Now UNESCO, which celebrated its 40th anniversary Tuesday with art exhibits, concerts, dances and speeches, is an embattled organization whose bureaucrats and delegates seem to have only one concern about the future--whether Amadou Mahtar M’Bow, the controversial director general, means what he says about retiring next year.

Advertisement

May Lose More Members

If he does not retire, in the view of many analysts, UNESCO, which has already lost the United States and Britain as members, will probably lose more Western nations and perhaps disintegrate.

Pressed about his intentions by journalists who surrounded him at a press reception on the anniversary, M’Bow, a 65-year-old Senegalese, said he will stand on the statement he made to UNESCO’s executive council a month ago and say no more about the subject.

But some analysts insist that they find some ambiguity in the statement. M’Bow, whose second six-year term will expire in 1987, told the council: “I am not going to ask for a third term. I have been touched deeply by the numerous countries . . . that have expressed an intention to propose my reelection. I am convinced that they will see in my attitude a desire to make a positive contribution toward the mutual confidence that should exist between all members of the international community.”

A Game of Power

In the view of some UNESCO watchers and employees, these words left open the possibility that he would accept a draft for reelection, and a guessing game has been going on in UNESCO corridors in the last few weeks about whether he really will leave. The game, in a sense, reflects his power, for many analysts are convinced that M’Bow, despite all the accusations of megalomania and mismanagement against him, has enough Third World support among the 159 member states to win reelection if he tries.

Talking with reporters at the reception, M’Bow hardly sounded like a defeated figure retreating under fire. He insisted that UNESCO has demonstrated its vitality in the face of the withdrawal by the United States and Britain. He said the United States is not attacking UNESCO as much as it is attacking all multilateral organizations in a campaign that threatens the United Nations itself.

“There will be a North-South crisis inside UNESCO,” he said, using the jargon for a conflict between the industrialized and developing nations, “no matter who is director general.”

Advertisement

Assails Critics

M’Bow has taken the position for some time that much of the criticism directed at him comes from white critics who want to belittle Africa. Replying, for example, to criticism of his lavish living quarters, M’Bow said in a recent issue of the Paris newsmagazine Nouvel Observateur, “Am I supposed to live in a hut in the middle of Paris just because I am an African?”

M’Bow said that he and UNESCO have been victims of a campaign of disinformation led and coordinated by the conservative Heritage Foundation in the United States.
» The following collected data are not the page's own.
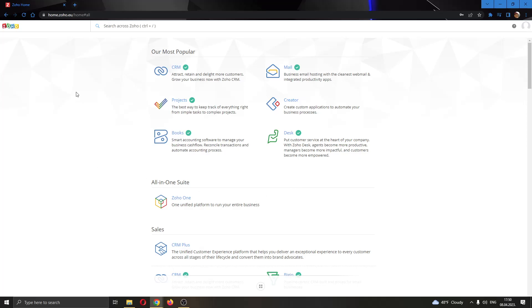The first thing you want to do is go ahead to the official Zoho.com website right here and log into your account.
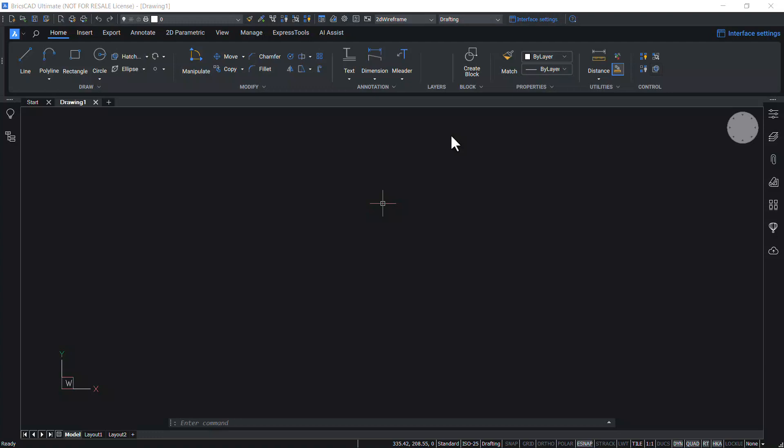Parametric Block Assist command converts dynamic blocks to BricsCAD's superior parametric blocks. In most common cases, the following dynamic block features are supported for conversion.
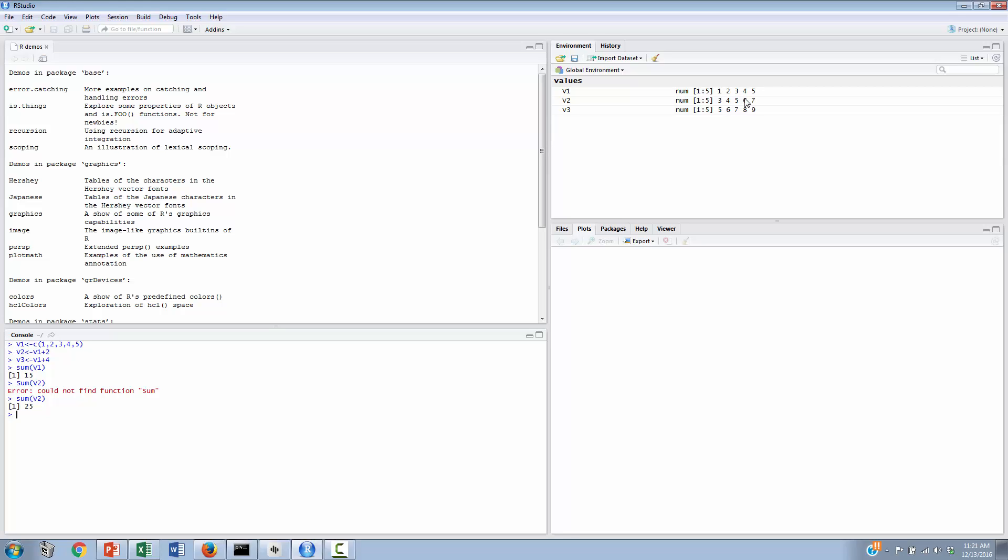What we can do also is we can actually set a particular variable, a name of variable, such that it's easy to recall later on, and that variable might contain the sum, so we might have a variable called v1 sum, and we can set this v1 sum to the sum of v1. Now we have a variable, and you might notice up here, we've actually inserted that variable. RStudio has done that for us.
No consensus has formed as yet behind any candidate to succeed M’Bow. Some possibilities that have been named in recent press reports include Enrique Iglesias, the Uruguayan foreign minister; Kalevi Sorsa, the Finnish prime minister; Kurt Fugler, the former Swiss president; Sadruddin Aga Khan, the former U.N. high commissioner for refugees, and Butros Butros Ghali, the Egyptian foreign minister.

U.S. Pulled Out

The United States, when it withdrew at the end of 1984, accused the UNESCO bureaucracy of mismanagement and involving itself in political issues like disarmament that, in the American view, does not fall within the province of UNESCO.

For many years, UNESCO had angered leading American newspapers for advocating “a new world information order” that, in the American view, would severely restrict world news coverage under the guise of loosening the virtual monopoly of Western news agencies on distributing news in the Third World.

Throughout the controversy, American officials were careful to say they had no personal quarrel with M’Bow and were not insisting on his departure, despite all the reports that his autocratic rule was responsible for most of the mismanagement and most of the infusion of politics. But many analysts believe M’Bow could have averted the American withdrawal by resigning.